*Try it*: Return the listing in full and exactly, but without a single picture.

*Data below*:
=-=-=
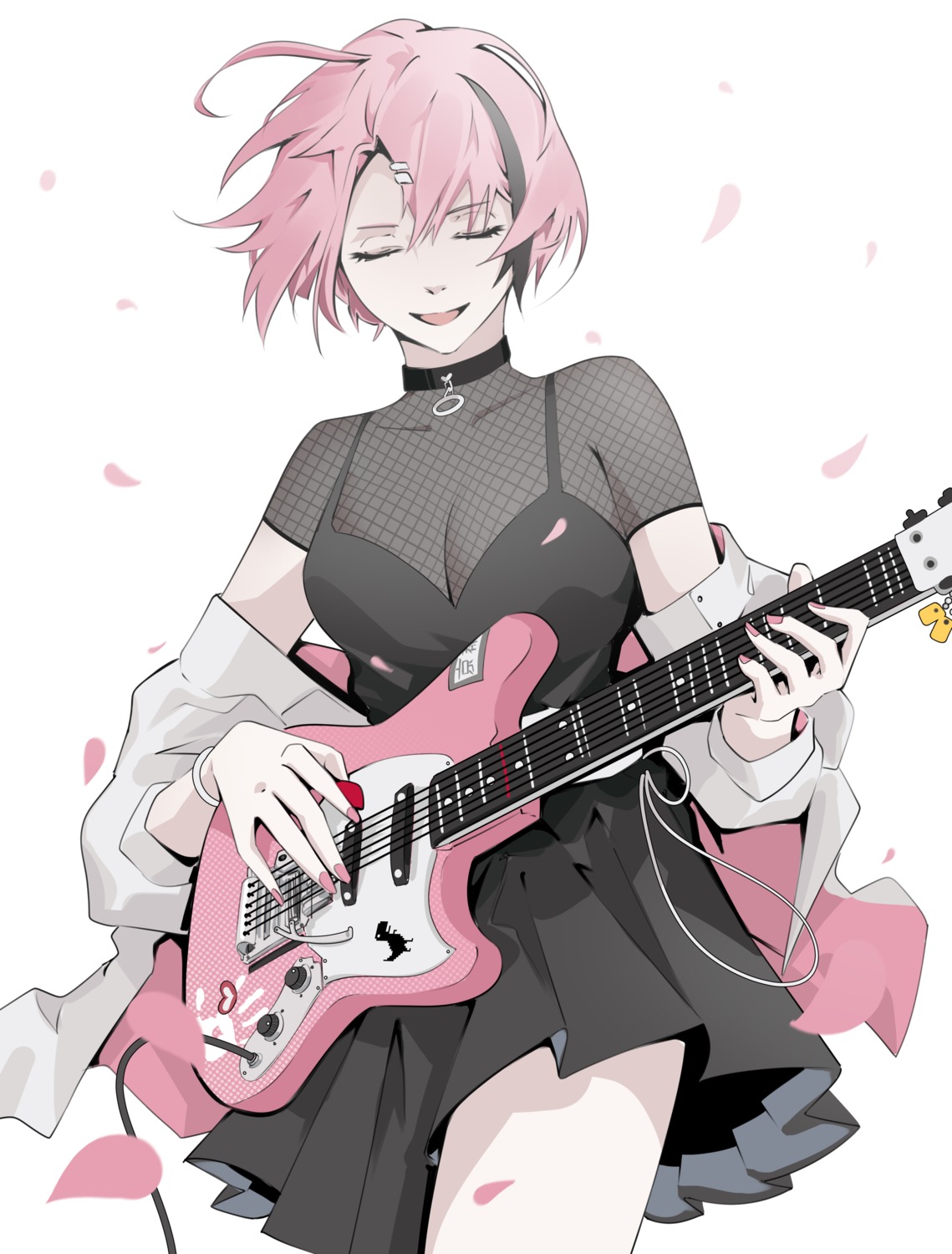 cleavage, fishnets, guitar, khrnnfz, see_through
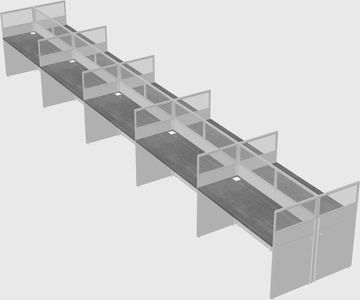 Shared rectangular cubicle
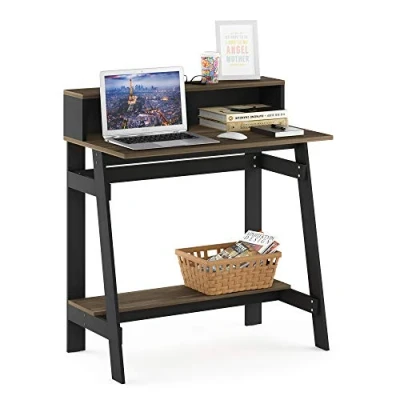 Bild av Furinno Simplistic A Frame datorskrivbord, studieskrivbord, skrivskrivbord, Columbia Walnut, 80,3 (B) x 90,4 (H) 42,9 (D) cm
=-=-=
*Written reply*:
 cleavage, fishnets, guitar, khrnnfz, see_through
 Shared rectangular cubicle
 Bild av Furinno Simplistic A Frame datorskrivbord, studieskrivbord, skrivskrivbord, Columbia Walnut, 80,3 (B) x 90,4 (H) 42,9 (D) cm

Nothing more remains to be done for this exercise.